Because there never has been a federal higher education system, the growth of new American colleges and universities over the centuries has been uneven. The reason for their placement on a map was somewhat random, and often political. In the 1960s, for instance, Ohio’s governor, James Rhodes, promised a college within 30 miles of every resident. Such pledges, of course, often increased inefficiency more than access to higher education.
The problem now is that if you look at a map of American colleges and universities, many of them are clustered in the Northeast and upper Midwest, when most of the young college-going population lives in the South and West. It’s why several colleges, both public and private, in the Northeast and Midwest are struggling financially and are desperate to fill their seats every fall, while many in the West don’t have enough room for all the qualified students who want to come.
[Loyal alumni make it extremely difficult to close a college. Just ask Sweet Briar]
Now is the time for the federal government to exert a role in this non-federal system. The forthcoming renewal of the Higher Education Act, which governs federal student aid programs, is a perfect opportunity to do so. What we need is a federal commission similar to those that have been tasked with closing military bases over the years. In the case of higher education, this commission wouldn’t just recommend colleges for closure, but it also could identify where mergers or alliances could produce the best solution for clusters of struggling institutions.
The federal government has a huge stake in this game. It spends about $165 billion annually on higher education in grants, loans, and tax credits, while the states spend about $74 billion in direct appropriations. Given that government subsides account for close to 90 percent of revenues at some colleges when you add up grants, loans, and research funds, the federal government certainly should have a big say in how that money is spentnationwide.
“In the absence of a government subsidy, most colleges could not fill up their seats,” Ronald Ehrenberg, a higher-education economist and professor at Cornell University, told me.

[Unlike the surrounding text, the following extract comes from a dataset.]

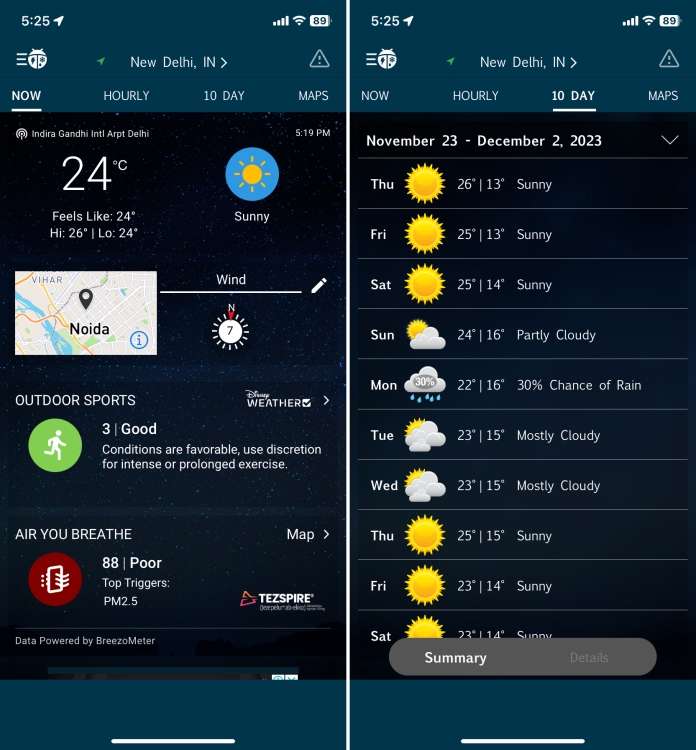 WeatherBug iOS app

Yet the states mostly control what happens to institutions in their backyards, both public and private. A few states have been proactive on this front. The university system in Georgia has approved six campus mergers in recent years, a response to declining state appropriations for higher education. But most states, like Pennsylvania, Maine, and West Virginia, have largely punted on the issue, leaving them with a patchwork of public and private colleges in the face of aging demographics and shrinking financial resources.
Closures remain very rare in higher education because alumni don’t want a college to lose its identity (witness Sweet Briar) and lawmakers don’t want to be known as the politician that shuttered a major employer in town.

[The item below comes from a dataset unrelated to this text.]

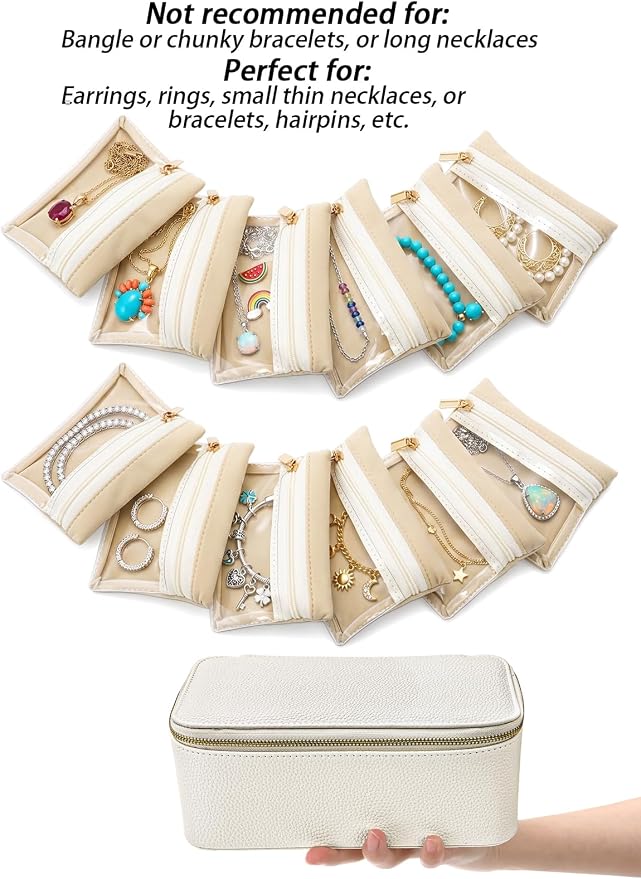 Hacaroa Travel Jewelry Case with 12 Velvet Pouches, Jewelry Storage Organizer Box PU Leather, Clear Window Small Bags Wedding Gifts for Earrings, Necklaces, Bracelets, Rings, Women, Girls, Cream White - Image 3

But in some cases, mergers and deep academic alliances — which would allow colleges to share faculty — could stave off actual closure and make the resulting institution stronger in the long run because of its bigger size. We already have examples of alliances in higher education with athletic conferences, and on the academic side, the University Innovation Alliance, a group of 11 public research universities. And such collaborations are no longer limited to colleges in close proximity because of advances in technology.
Any time I drive in the Northeast, I’m always struck by the number of signs along the highway for a nearby college. The diversity of the American “system” — from two-year community colleges to four-year research universities — is one of the features that other countries want to copy.
Only by looking at the future of U.S. colleges and universities through the wide lens of the nation as a whole will we ensure that diversity remains, but we don’t need a college at every exit along the highway anymore.